For those LPs not yet internally prepared for a co-GP commitment, they are welcome to co-invest alongside them in one or even several to-be-launched co-investment funds targeting natural resources (a South American forestry fund is soon to be launched), transport, and future core infrastructure. Co-investors not invested in the discretionary co-GP vehicle will, however, pay fees typical of private equity models – such as 1.5%-2% and 20%, benchmarked to the asset class.
Victim of own success?
Since Astarte set up shop, completed a fund model rethink, and backed its first GP, the fundamentals for infrastructure investment have experienced an evolution cum revolution, of sorts.
Among LPs, change has been brewing over fees in the alternative assets space, and infrastructure is also in the line of f ire.

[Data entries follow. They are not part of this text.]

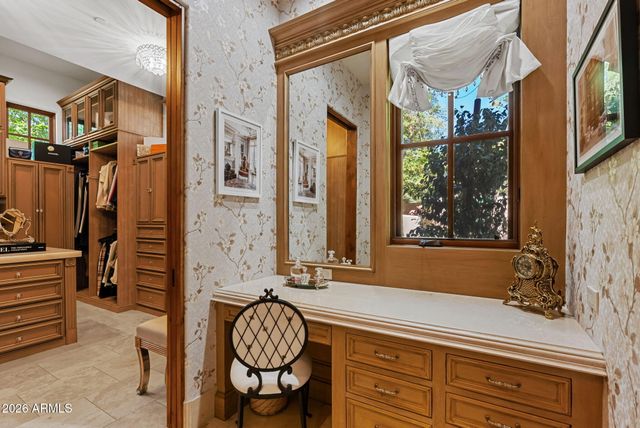 9926 E KEMPER Way, Scottsdale, AZ 85255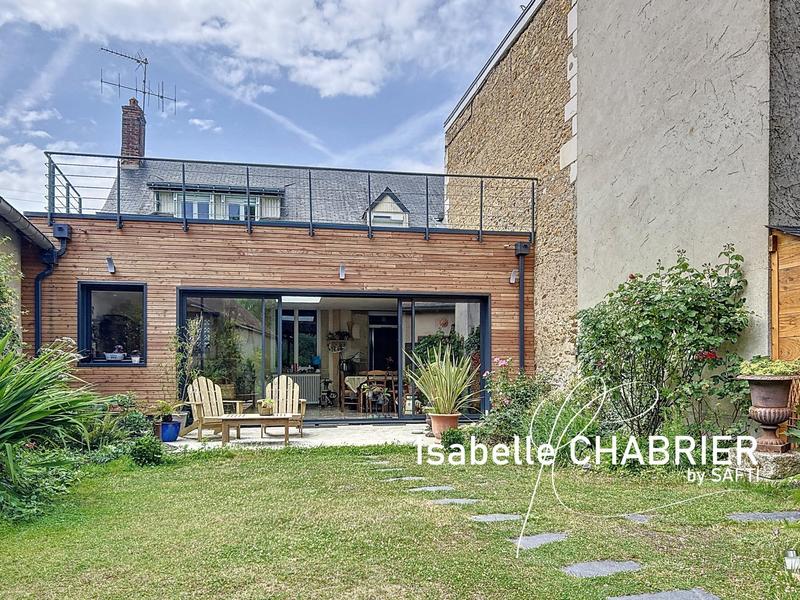 Maison - 163 m² - 6 pièces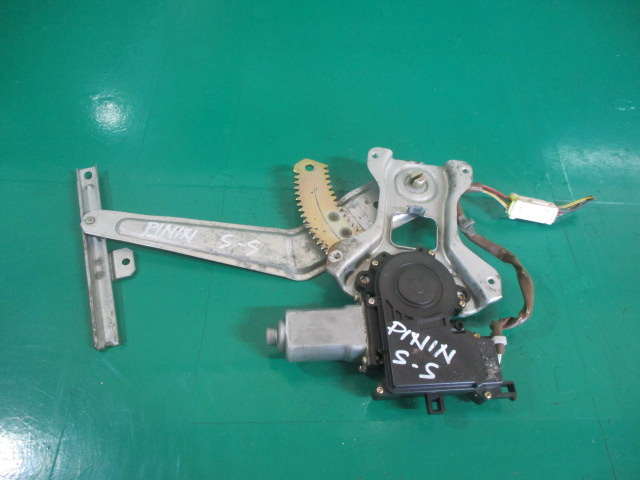 MACARA CU MOTORAS STANGA SPATE MITSUBISHI PAJERO PININ FAB 1999 - 2007 ⭐⭐⭐⭐⭐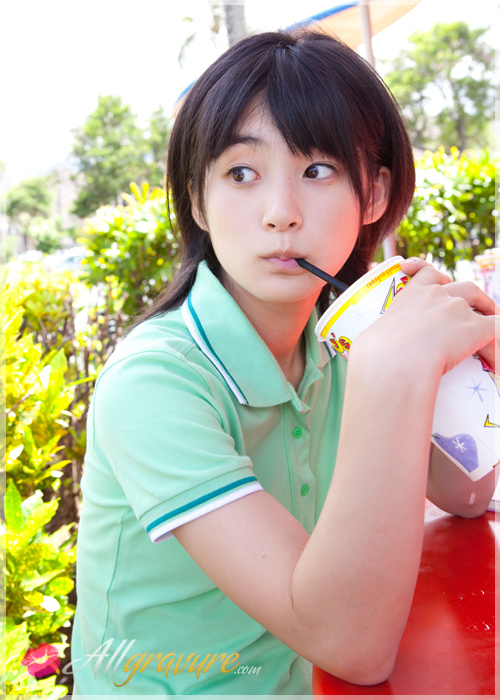 Momoko Tsugunaga - `Happy Heart` - for ALLGRAVURE Momoko Tsugunaga - `Happy Heart` - for ALLGRAVURE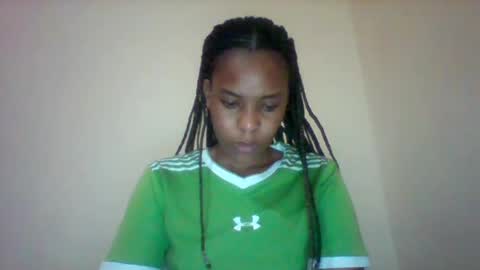 DOVY ACHIENG online show from 12/08/24, 09:04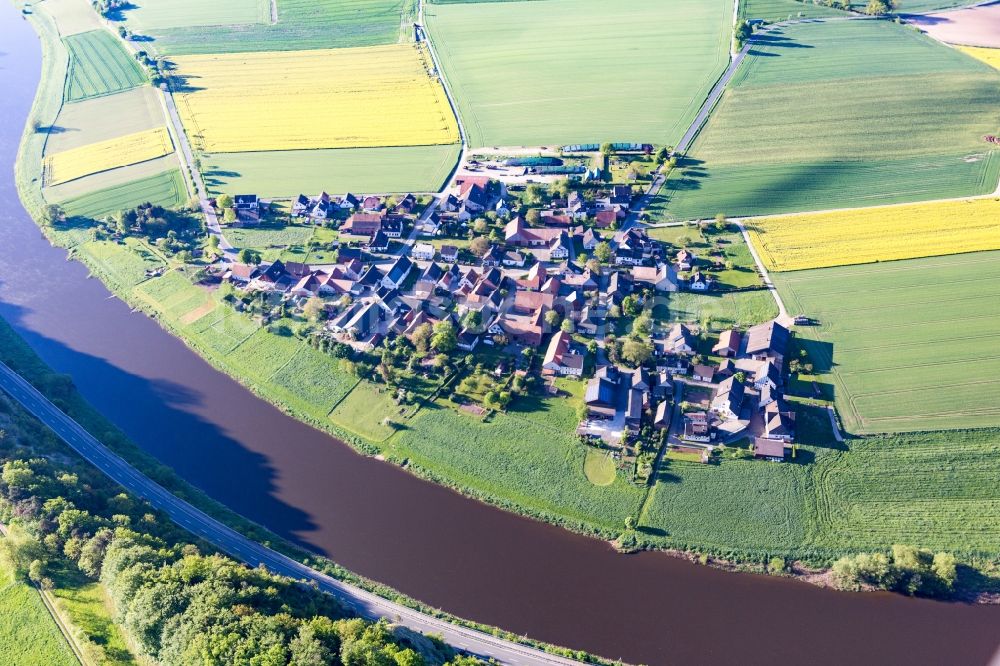 Luftaufnahme Dölme - Dorfkern an den Fluss- Uferbereichen der Weser in Dölme im Bundesland Niedersachsen, Deutschland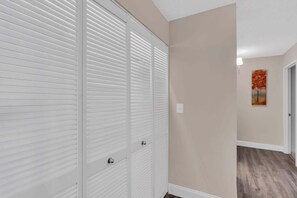 Apartment, 2 Bedrooms | Interior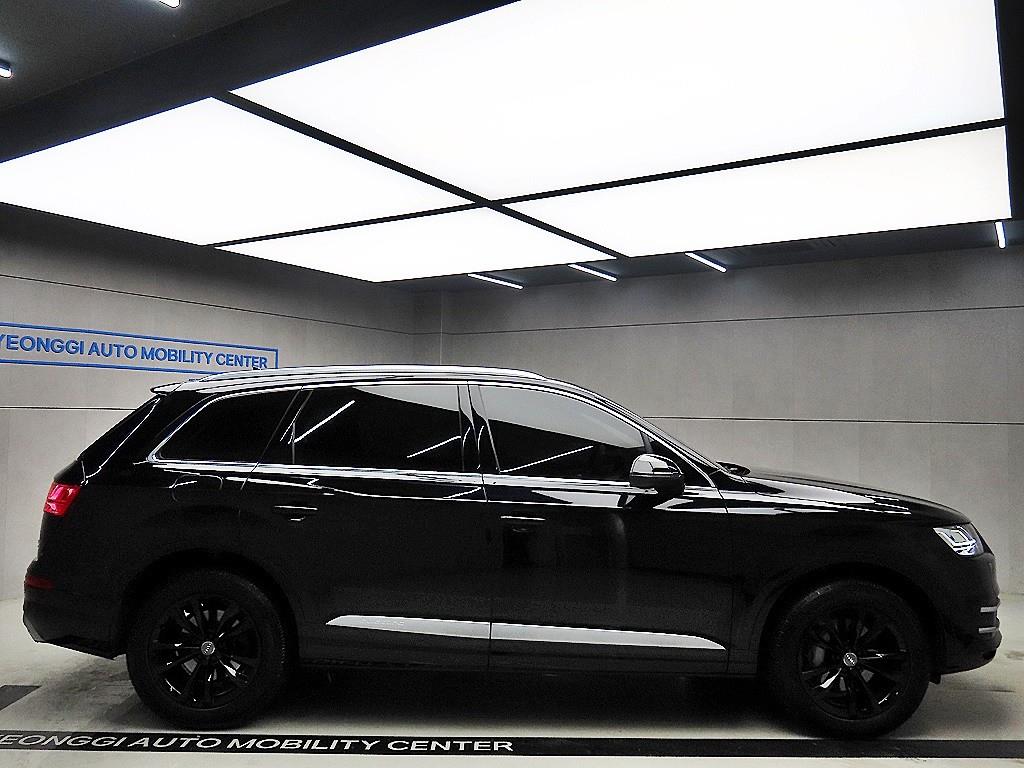 아우디 Q7(2세대) 45 TFSI 콰트로 - 이미지 18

In many ways, infrastructure, for all its popularity, might now be a victim of its own success.
The search for stable returns and recurring yield in a low interest rate environment has prompted investors over the past decade, and especially in the last three years, to steadily increase their allocations to the infrastructure asset class, with a record amount of USD 460bn in assets under management, around four times more than ten years ago, according to Partners Group’s Outlook 2020 report.
According to Roberto Cagnati, Co-Head Portfolio Management at Partners Group, any deviation from the current mix of fundamentals, low discount rates and high valuations could lead to a “pronounced correction in asset prices.”
Some LPs are now getting nervous about GPs even hitting hurdle rates.
A handful of better performing funds are managing to push down the hurdle rate from 8% down to 7% or even 6%, with the carry percentage less than 20%, says James Wardlaw, Vice-Chairman of Infrastructure at placement agent Campbell Lutyens.
And it does not help when financial reports of mega funds are recording significant increases in management fee revenues, while performance fee revenues are in some cases going in the opposite direction.
Timing could finally be on Astarte’s side with its ASOP proposition on fees and projected higher returns in future core infra. Despite the challenges and growing pains it has overcome, and will undoubtedly endure as a specialised operator, there must be a shared sense of pride among the team knowing that they could be instrumental in creating a new way of thinking about infrastructure investment.